§ **Work order**:
Transcribe the stretch of entries below from the line with "Stack flat slate" through the line with "UNO & ÖSTEN", exactly and with both ends included; leave out all other lines.

§ **Entries shown**:
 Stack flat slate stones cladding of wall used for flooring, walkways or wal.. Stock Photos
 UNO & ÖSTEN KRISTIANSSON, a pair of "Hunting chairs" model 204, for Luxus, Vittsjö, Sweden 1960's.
---
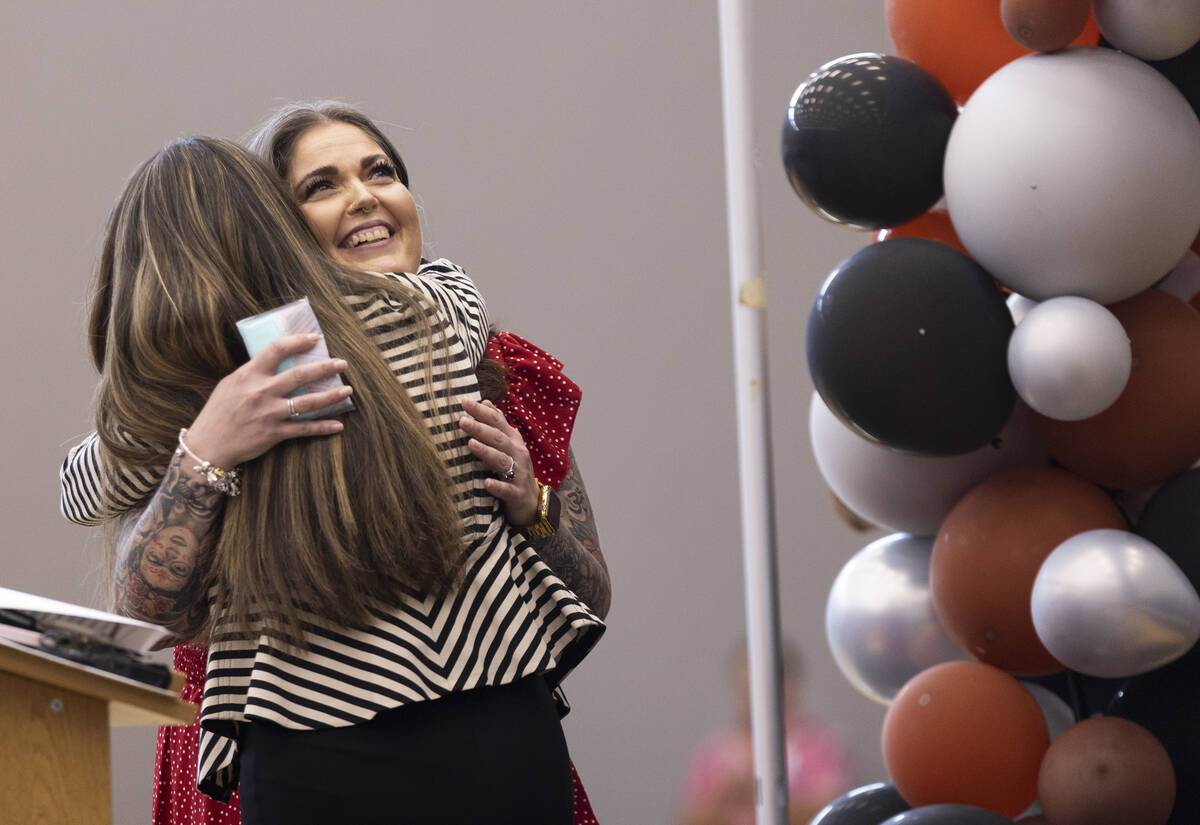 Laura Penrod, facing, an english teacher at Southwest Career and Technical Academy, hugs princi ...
...
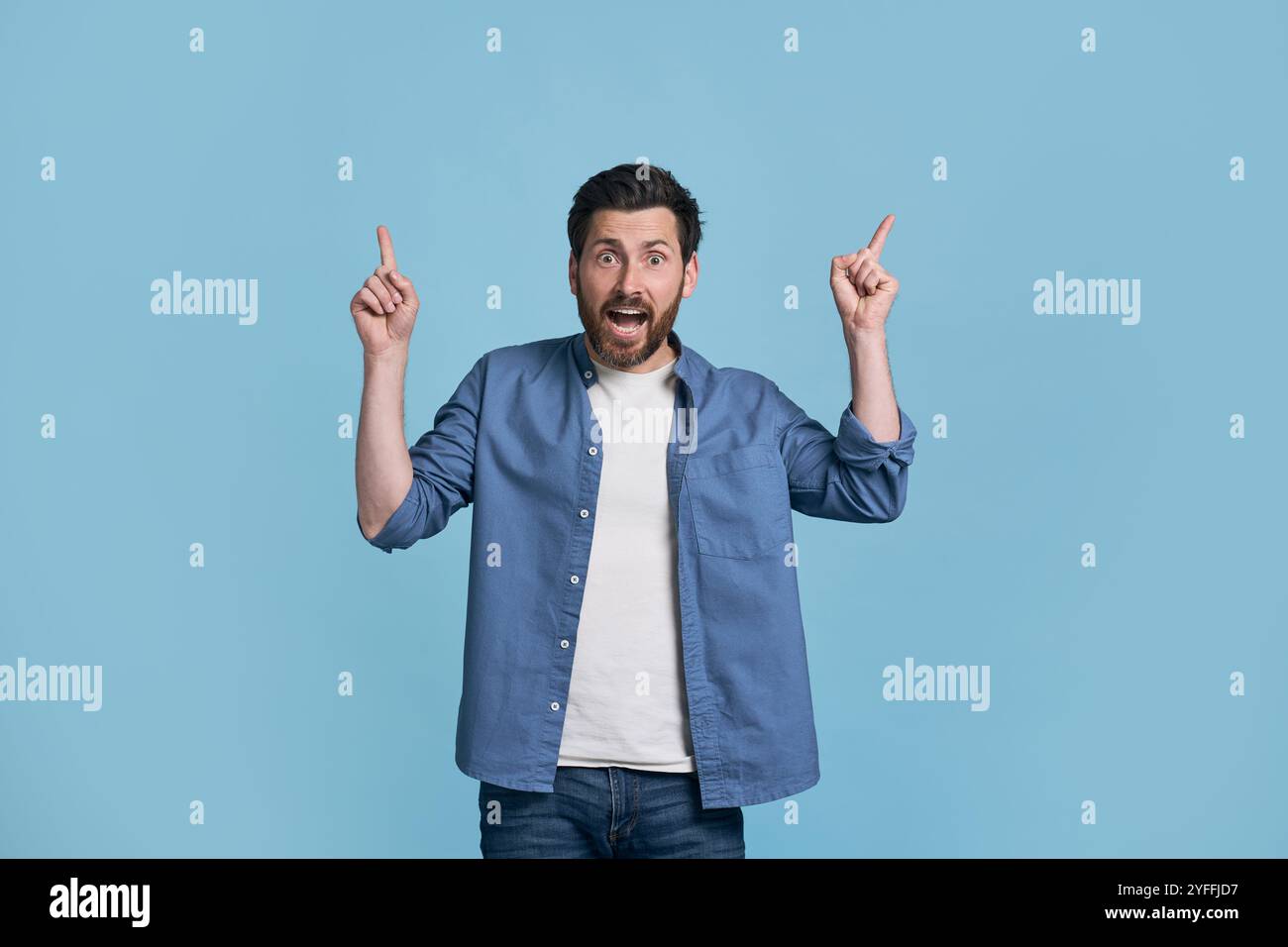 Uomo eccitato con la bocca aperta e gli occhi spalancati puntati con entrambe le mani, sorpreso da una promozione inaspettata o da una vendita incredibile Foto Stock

§ **Output below**:
 Stack flat slate stones cladding of wall used for flooring, walkways or wal.. Stock Photos
 UNO & ÖSTEN KRISTIANSSON, a pair of "Hunting chairs" model 204, for Luxus, Vittsjö, Sweden 1960's.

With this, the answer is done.